While stocking up on supplies and learning useful skills is an important part of prepping, that isn’t the be-all and end-all of survival preparation. There are plenty of intangibles that are just as important as any stash of supplies. Here are five of the most important intangibles that too many preppers overlook.

1. Getting Out of Debt

Being in debt can be stressful both financially and emotionally. While many preppers may believe that an economic collapse will result in hyperinflation, a destruction of the banking system, and the wiping away of all debts, that isn’t likely to happen. So don’t bank on being able to clear out your credit card debt, mortgage, and car payments in the case of a super-severe economic crisis.

It’s especially important not to drive yourself into debt in order to stock up on supplies, thinking that the end is near. That’s a recipe for eventually having to liquidate your supplies in order to pay off your debts. Get yourself into sound financial shape first, then start your disaster preparations.

2.Setting Up Emergency Funds

There are two types of emergency funds that you need to think about. The first is a generic rainy day fund. This is money in the bank that you have easy access to if you find yourself facing unexpected expenses. Even in a severe crisis, the banking system will likely still exist and any assets you have can be used to pay bills and buy things.

The second type of fund is to have money stashed away for a true economic collapse. That means keeping some cash at home for when ATMs lose power. Even more importantly, it means having some gold and silver coins too, because when cash runs out and supplies start getting low, you’re going to need some way to buy more. Gold and silver coins will be the ultimate form of currency and will keep you from having to barter away any more of your scarce supplies.

3.Integrating Into a Community

When disaster strikes, you won’t be able to survive on your own. Expecting to provide yourself with all the food, water, and other supplies you’ll need is too much for one person or even one family. And in terms of security, one lone family holding out will be no match for a larger, motivated, well-armed group of ne’er-do-wells.

That’s why it’s important today to get to know like-minded people in your community. Know who you can rely on for assistance if you really need it, and who in your community will have your back when times are tough. Rebuilding society in an SHTF situation will require strong communities coming together so that individuals can help each other out. Lone wolves will inevitably be eaten in a dog-eat-dog world.

4. Staying in Shape

When we’re in our 20s, we think we’ll be healthy forever. But as we grow older and advance in our careers and start families, staying in shape is one of the first things we forget to do. Those trips to the gym or walks in the park become less and less frequent. Before we know it, our elbows and knees start to ache, our backs get sore more easily, and even walking up a flight of stairs is enough to wind us.

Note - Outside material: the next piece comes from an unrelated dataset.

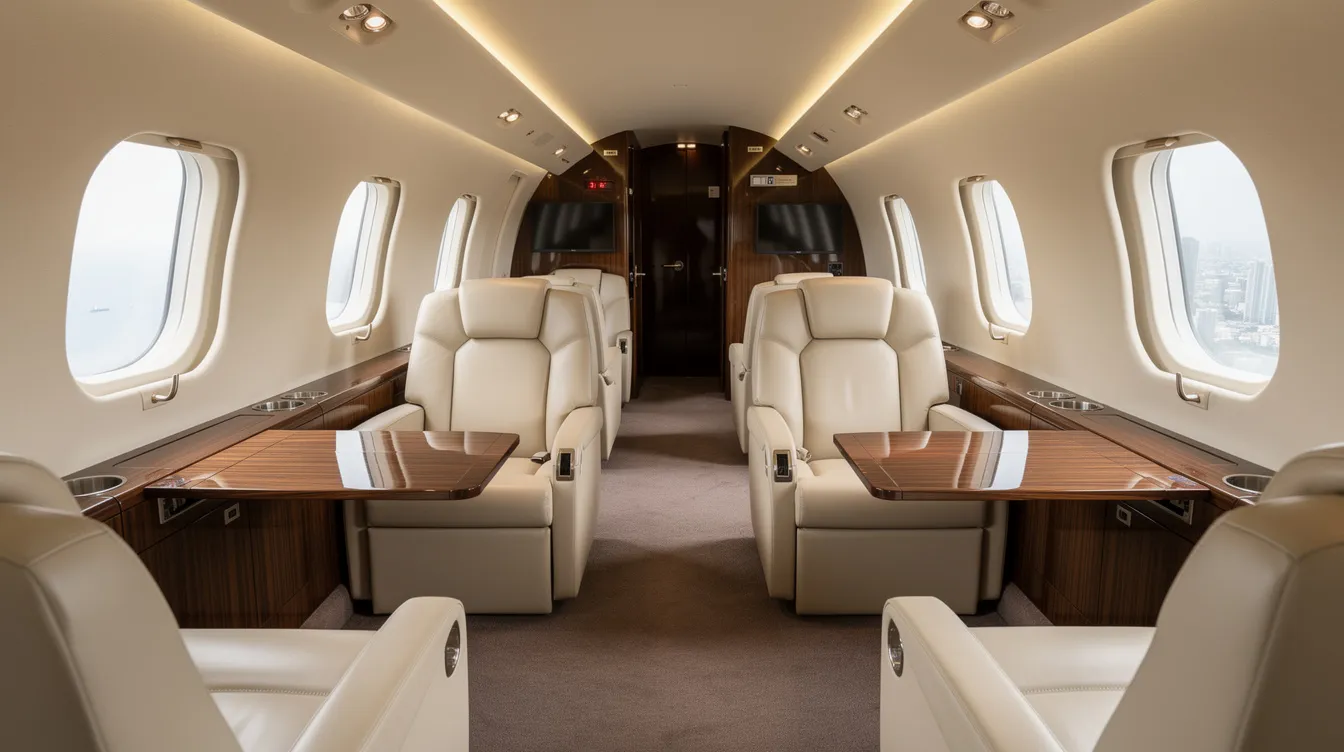 The image depicts the interior of a spacious heavy jet cabin, featuring luxurious cream leather seats, elegant wood grain finishes, and large oval windows that provide ample natural light. This setting highlights the comfort and sophistication associated with private jet travel, making it an ideal choice for those considering private jet charter services for their journeys.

The importance of remaining physically fit cannot be emphasized too much. When times get tough it will be your physical ability that will get you out of Dodge safely, that will sustain you during long bouts outdoors in inclement weather, and that will help you rebuild what is lost when disaster strikes. It’s easy to make excuses: I’m tired, I’m sick, my knees hurt. Stop making excuses and get serious about your health and well-being.

5. Getting Enough Sleep

Getting too little sleep has almost become a badge of honor in our society. Many people like to brag about what they’re able to accomplish after getting only 6, 5, or even 4 hours of sleep. But one night of that little sleep can have a major negative impact on your health. Chronic sleep deprivation is even worse, and can have severely harmful effects on your long-term well-being.

Sleep ties into staying in shape, as rest is what allows your body to rebuild from all the things you put it through during a normal day. Imagine sleep as recharging your body’s batteries. Insufficient sleep means that your body is only working on a half charge. When the stuff hits the fan, do you want your body to be fully rested and ready to go to work, or do you want to trust that that half charge will get you through? Start getting into a good routine and getting a solid 7-8 hours of sleep every night to make sure that you are able to perform at your peak.